Letter To The Editor: Don’t judge ‘lazy’ road crews through a car window
Twin Falls Times News

Regarding the “laziness” of the Twin Falls Street Department, do you really think you can size up a situation with a glance out the car window and determine that the street crew is “just standing around?”

Consider, when street crew workers are “doing nothing,” they might be taking one of the two 15-minute breaks or the 20-minute lunch they are allowed during their 10-hour work day of shoveling 280-plus degree asphalt, clearing storm drains, sealing cracks in a deteriorating road or plowing snow at 3 a.m. on Christmas morning. When a crew member is standing and looking into a hole while talking on a cell phone, he is likely talking to the city engineer about the appearance of a big pipe where the map says there shouldn’t be one. The guys “standing around doing nothing” are waiting for another load of something en route from somewhere delayed by an accident on the other side of town — the debris from which one or two of them will have to go clean up. Or they are resting from the back-breaking labor their detractors don’t do to avoid injury, which would cost the city a workmen’s comp claim. The guy in the street sweeper, parked and talking on the cell phone, is talking to the crew’s supervisor, who got a call from police dispatch telling him somebody dropped a bag of trash in the street, which he has to pick up before there is an accident, which would initiate a lawsuit against the city and a scathing article in the Times-News about the ineptitude of the street department.

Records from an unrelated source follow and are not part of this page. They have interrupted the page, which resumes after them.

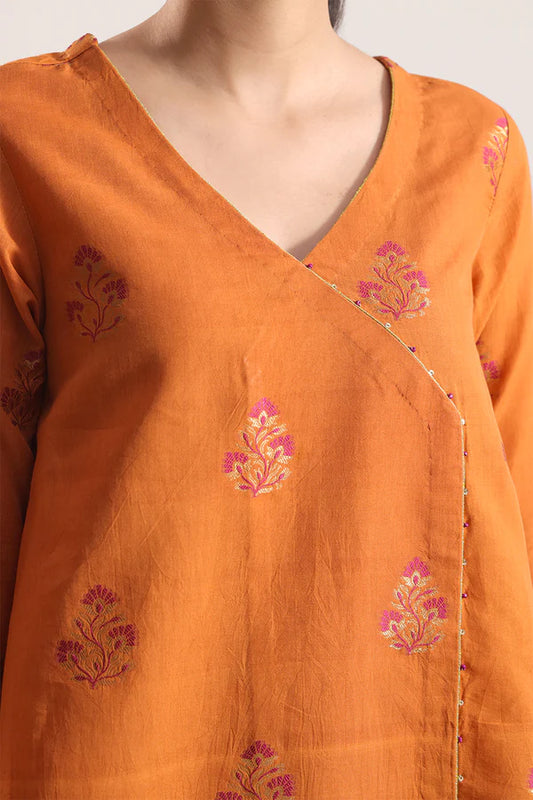 Rust Saya Cotton Jacquard 3pc suit worn by model showcasing luxury unstitched tailoring.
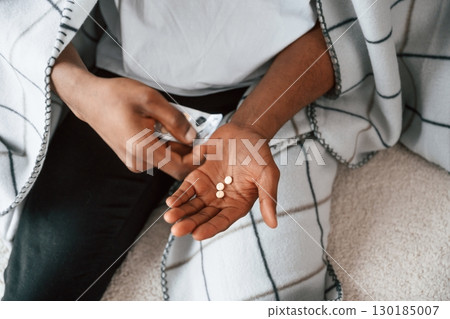 Taking the pills. Sick black man is at home 130185007
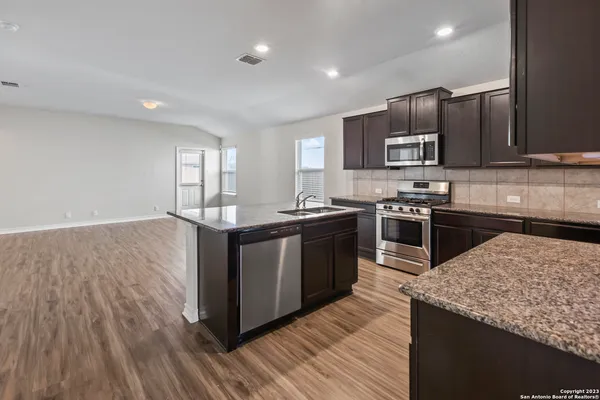 a kitchen with a stove sink and cabinets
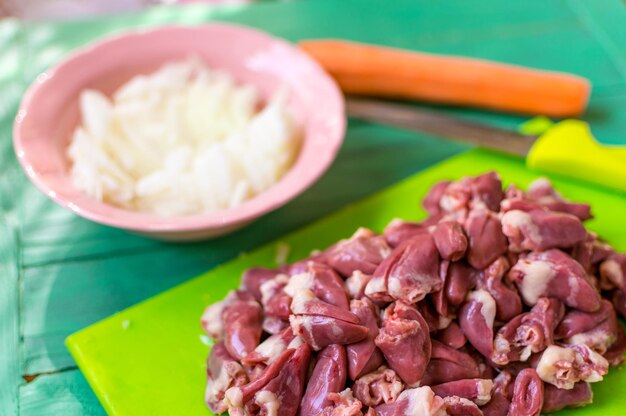 Fresh raw chicken hearts cut for preparation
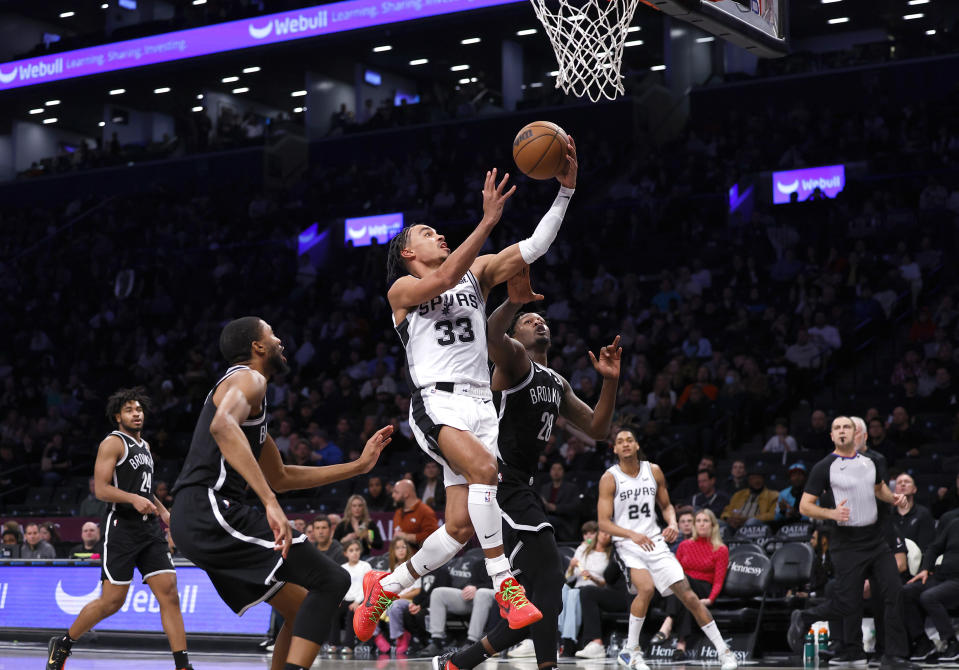 San Antonio Spurs guard Tre Jones (33) drives to the basket against Brooklyn Nets forward Dorian Finney-Smith (28) during the second half of an NBA basketball game, Saturday, Feb. 10, 2024, in New York. (AP Photo/Noah K. Murray)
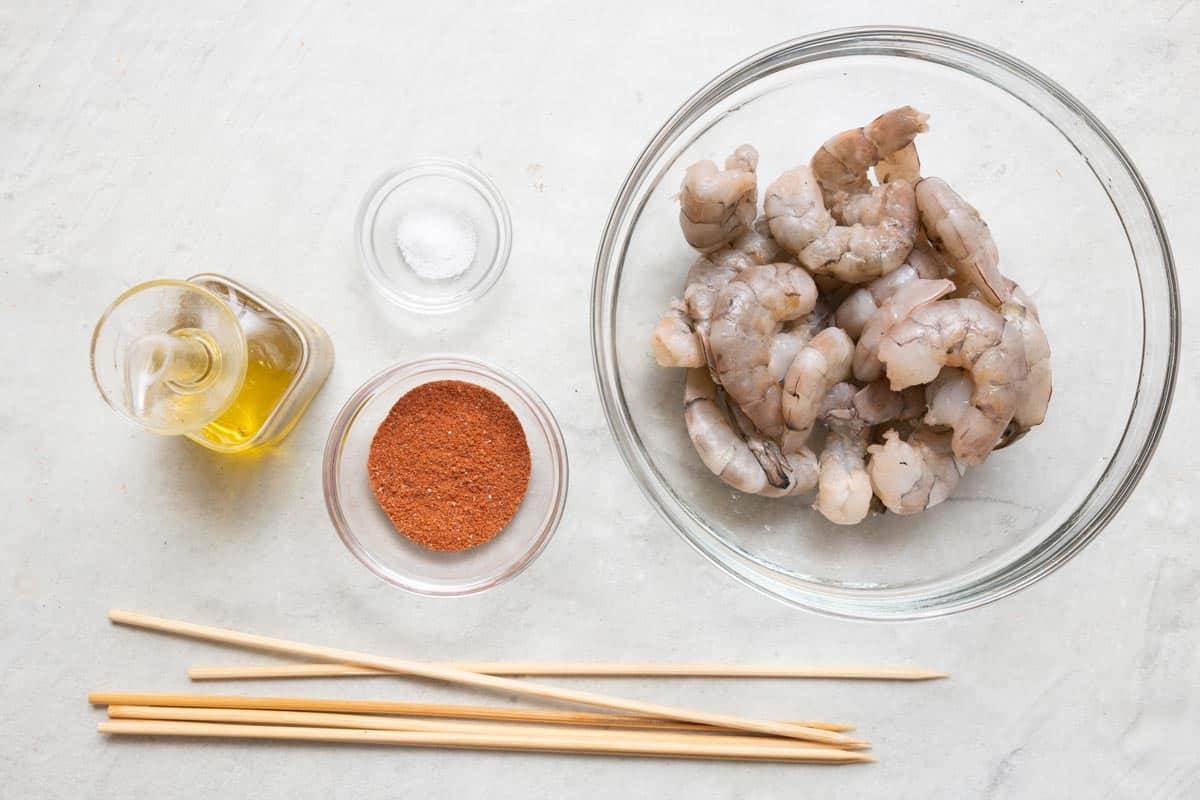 Ingredients for recipe in individual bowls and jar: oil, salt, bbq seasoning, shrimp, plus wooden skewers.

Stop whining about these other taxpayers who, unlike you, have foregone raises for the last three years to show sensitivity to the unemployed who were losing their homes. To thank them, you want to cut their crew, which has shrunk by four employees due to attrition, so they will have to work harder for your thinly veiled attempts to run over them when they are fixing potholes in August? Remarkable.

DEBRA HOPKINS
Jerome

I have a feeling this letter is going to get some of you going, but it’s true, perception isn’t always what’s really happening. I’ve worked directly and indirectly with the folks out on the front lines and know that they’re not always just leaning on a shovel when it looks like they’re leaning on a shovel. There’s one local road crew member that I tease a lot because he uses a blue tooth so a lot of the time he will be sitting on a curb or leaning against a truck, but he’s talking to contractors, supervisors, etc. while doing this. You just can’t see because he has his bluetooth in.